So, Harry Reid didn't go down the path of the "nuclear option" in order to get Richard Cordray appointed as director of the CFPB.
But this wasn't a cave by Reid. Reid got what he wanted; the Republicans stopped blocking Cordray's nomination, as well as several of President Obama's nominees to the NLRB, and they'll be confirmed by Senate vote.
See, it wasn't necessary to actually vote to do away with the filibuster. This happened because now, Republicans know that Reid actually WILL do away with the filibuster if they continue their path of obstruction, and now they know as well that Reid will have the votes in the Democratic caucus to do just that.
In other words -- Reid did away with the filibuster, without actually doing away with the filibuster. At least for executive branch nominations, and possibly in the near future for judicial nominations, the filibuster is essentially gone.
Republicans can still technically use the filibuster to obstruct the business of the Senate, but now Democrats can take the privilege away at any time. "Stop the filibuster, or we'll change the rules so that you can't filibuster" is basically the same thing as... well, changing the rules so that you can't filibuster.

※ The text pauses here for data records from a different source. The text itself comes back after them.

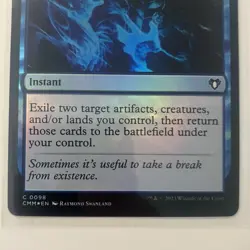 NMT MTG Ghostly Flicker Commander Masters Foil Blue Instant Common - Image 3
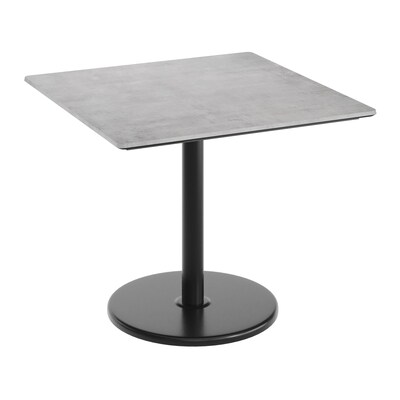 Flash Furniture Acadia Square Wooden Dining Table with Round Base, 36D x 36W, Gray Faux Concrete/Black Base (STSQ36CGTR24)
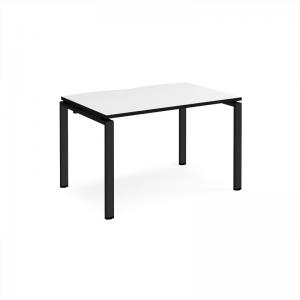 Adapt single desk 1200mm x 800mm - black frame, white top, black edge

Well, I guess there is ONE difference. That is that the media will not treat this as ending the filibuster. They're treating this as though Reid managed to work out a compromise with the Republicans. Now, imagine the firestorm if he actually HAD ended the filibuster.
Instead, we all know that as soon as Republicans take control of the Senate, they're going to do away with the filibuster. Now, Mitch McConnell (or whoever the Republican leader is at that time) will be the one who has to answer for it. Not Harry Reid.